After the presentation, our guides took us on a tour of the building. It's very big. And amazing. And somewhat scary. The walls were lined with rows of books, all of which were (obviously) published by Harper Collins. I took pictures. Many pictures :).

Also, here is Aprilynne Pike's book Spells in the main case in the lobby of Harper Collins. I had the pleasure of meeting this author when she visited The King's English, so I was really excited to see her work in such a prominent area of display.

At the end of the tour our guides presented us with a bag of goodies :D. We received five Harper Collins books, two of which were ARCs (for those of you who might not know, ARCs are Advanced Readers Copies, meaning the book hasn't actually been released to the public). All of the books look really good and I can't wait to read them! In addition the bag contained several examples of promotional materials, including a brain-shaped stress ball and a bracelet that doubles as a USB thumb drive. On the way out we passed through a pair of swinging gates. The gates only move when an employee swipes his/her card. Now, being me, I freaked out when the gates slammed shut in front of me. Seriously, those things move fast! I don't like them. Not one little bit. In the end I ran through, praying fervently that they weren't about to skewer me through the middle.

Harper Collins Inside

Harper Collins Outside

After Harper Collins we headed straight to the World Financial Center, where the reception for the art exhibit was being held. The Scholastic Art and Writing Awards exhibit tours the country for two years after the June ceremony. The Financial Center is also right next to the World Trade Center site, so we got a chance to look around at the memorial.

The exhibit itself was amazing. Some of the pieces blew my mind, and I wish I was half as talented an artist as these kids. There was also food :). My family and I stuck around for a while, chatting with the other award winners, before heading out to get dinner. On Ms. Thompson's suggestion we went for New York pizza. The food was amazing, and I pretty much stuffed myself, but the highlight was probably seeing Justin Long buying a pizza at the same place we were eating (the guy from the Mac commercials, He's Just Not That Into You, Jeepers Creepers, Dodgeball, etc). Here is a picture of Justin Long:

Pretty cool, right? After pizza we returned to the bed and breakfast, where I immediately crashed and slept the night away.

Friday, June 11th:

With awards activities complete, my family and I spent the day wandering New York City. I bought clothes. And some more clothes. And...more clothes. I pretty much blew my college fund on clothes. I have a certain lack of self-restraint when it comes to shopping, and the absence of my best friend Coco to rein me in had a serious effect on my spending spree. Other than that the day consisted of walking. We checked out China Town, ate lots of high-calorie food, and returned to the bed and breakfast at four o'clock to prepare for the airport.

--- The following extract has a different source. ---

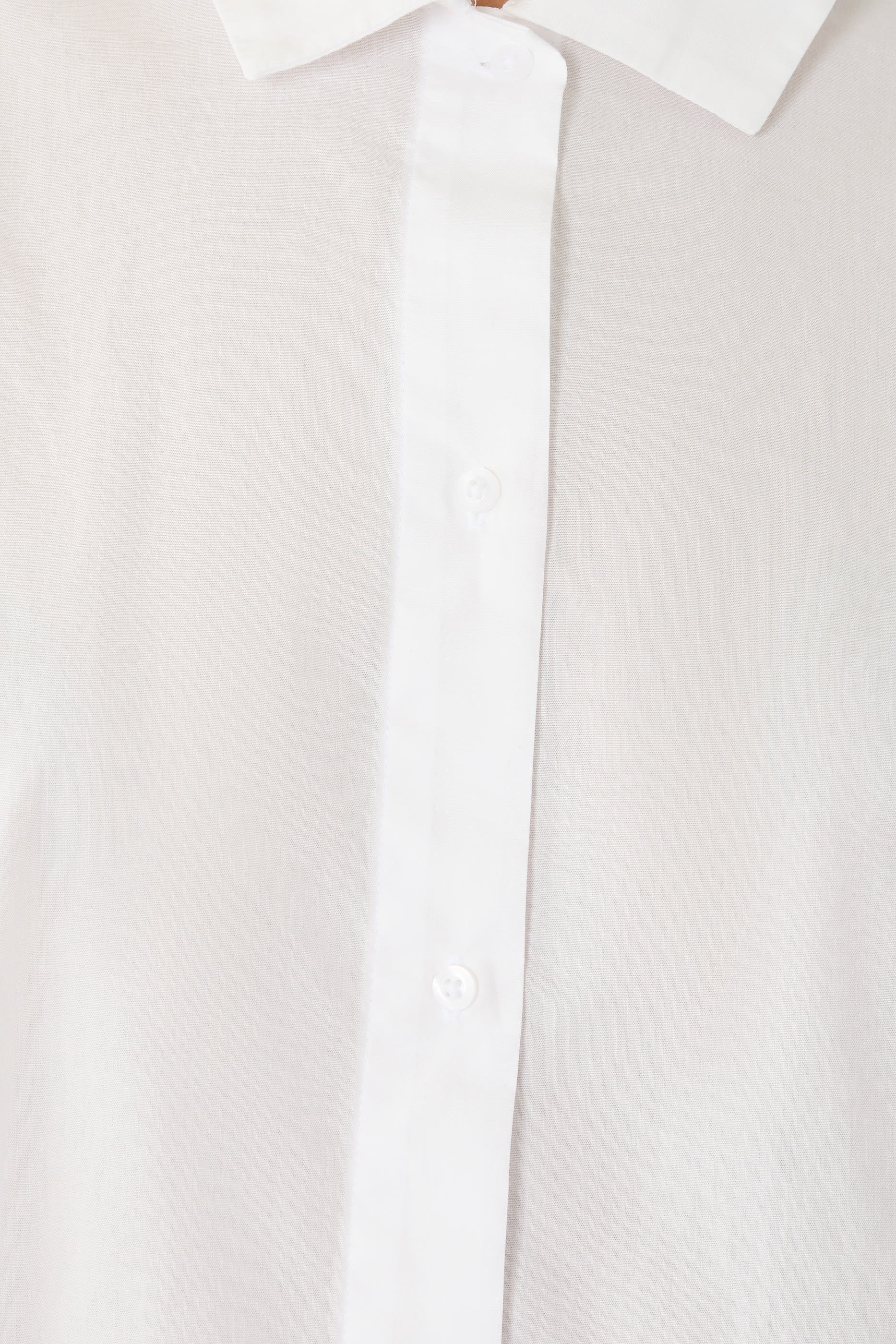 قميص بصف أزرار وأكمام قصيرة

The Scholastic Awards are amazing. The organization has spent years and years honoring the nation's best artists and writers, rewarding creativity, and encouraging an appreciation of the arts. I am honored to be among the winners. I met a ton of awesome people who are both talented and humble, including Lisa, Emily, Mckenzie, Darcy, and many others. You guys rock! These awards have forever altered my future, and I am eternally grateful to the editors at Scholastic who have given me this opportunity to start my career.

There's my recap. Hope you enjoyed it :).


P.S. Despite being severely technologically challenged, I've learned how to upload photos to my blog!!! Aren't you proud of me?

P.P.S. I'm pretty sure I used the words "amazing" and "awesome" about ten times each in this post. I apologize for the redundancy.